Cellist Roberto Soldatini’s Music of the Sea

 

CELLIST ROBERTO SOLDATINI’S MUSIC OF THE SEA

 
 

 
 
Roberto Soldatini - Credit: 2anews.it

Roberto Soldatini - Credit: 2anews.it

 

When I was a youngster, my piano teacher gave me Poems of the Sea by Ernest Bloch, which peaked the imagination about waves and other oceanographic phenomena. But Roberto Soldatini has bonded with the ocean and its mysteries, thus showing us that it is possible to live ones dream while still holding a job – with some adjustments. Seven years ago he decided to move beyond the same old daily grind; sold his house, bought a Moody 44 sailboat with all the trimmings and took a course in how to use it.

So Soldatini spends six months of the year in liveaboard lifestyle sailing the Aegean and Mediterranean Seas with his companion, a 1714 Stradivarius cello (of likely attribution to the luthier), and the other half teaching at the Music Conservatory Domenico Cimarosa in Avellino, Italy. His boat is moored in Naples and he has chalked up over 25,000 nautical miles that include visits to exotic ports in Turkey, Corsica, Sardinia; he follows trade routes of the ancient Romans and has even serenaded dolphins in the Cyclades Islands.

Soldatini began his successful musical career at the National Academy of Saint Cecilia in Rome where he studied cello, conducting and participated in master classes of Leonard Bernstein. In fact, his father served as principal trumpet of this city’s Orchestra of the National Academy of Santa Cecilia. In spite of Soldatini’s responsibilities as an orchestral player, his talent for conducting soon led to appointments at major opera houses in Europe and Italy including assistantships with Italian opera conductor Giuseppe Patane and Myung-whun Chung at Opera Bastille in Paris.

In addition to stints as a theater actor, Soldatini also devotes time to composing and has written the chamber opera Come la maree sotto la luna (That ebb and flow by the moon) after Shakespeare’s King Lear. He founded and participates in the concert series La Musica del Mare (Music of the Sea). Of special interest is his authorship of three books not as yet translated into English: The Music of the Sea, Mediterranean Symphonies and Denecia, after his namesake sailboat that he describes as “a novel between fantasy and reality.” Roberto Soldatini discusses the ebb and flow of music with Editor Leonne Lewis.

You have taught cello at the Music Conservatory Domenico Cimarosa since 1984. Has your connection to the sea influenced the way in which you teach students?

Certainly. Sailing with its slowness has changed my way of interpreting music. When musicians play they tell something of themselves. Today life is so accelerated and many people run around at a fast pace so performances sound faster and faster.

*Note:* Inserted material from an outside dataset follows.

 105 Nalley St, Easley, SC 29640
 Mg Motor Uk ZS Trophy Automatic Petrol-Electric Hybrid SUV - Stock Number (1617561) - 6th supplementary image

If you slow down the execution time of a piece to say seven knots, using sailing terminology, you can savor all the variety of nuances that occur between the beginning and ending of a composition by Bach, for example.

What repertoire do you perform at the Music of the Sea concerts?

I alternate between pieces for solo cello and pieces in which I play and act simultaneously. This resembles the kind of experimentation I began with the great actor and director Leo de Berardinis. Texts are not just read with a musical accompaniment but rhythms and vocal melodies are written into the score together with collaboration from the cello. The audience experiences an imaginary journey through mythical scenes that feature literature about the sea – from the classics to modern authors such as Jules Verne, Jacques Brel and Bjorn Larsson.

Composers such as Debussy, Ravel, Mendelssohn, Vaughan Williams and John Luther Adams have written works inspired by the sea. What do you think classical musicians can learn from the ocean?

Composers continue to write music that evokes an emotional response to the sea, which is reflected in the sound of the wind when it inflates the sails or the sound of waves generated by the hull. All this is already music with its rhythms, melodies, polyphony and harmonies.

What is the most important thing you have learned from this music of the sea adventure?

Many things. I have learned to respect the sea, to fear it and feel it as a friend. I learned what my limits are and not to overcome them. I learned how to acquire greater calm and a proper detachment from the less important things in life. I learned to be silent, which along with loneliness is what people fear most. I learned to love and respect people for what they are. I learned to sail by myself, to do it alone, which matters most.

Traveling by airplane and arriving a thousand miles away in a couple of hours is like being catapulted into another world without understanding everything in between. When sailing from Rome to Istanbul you can enjoy all the contrasting differences, flavors, traditions and culture. Airplanes and fast trains may shorten distances but end up shortening the ability to understand the world.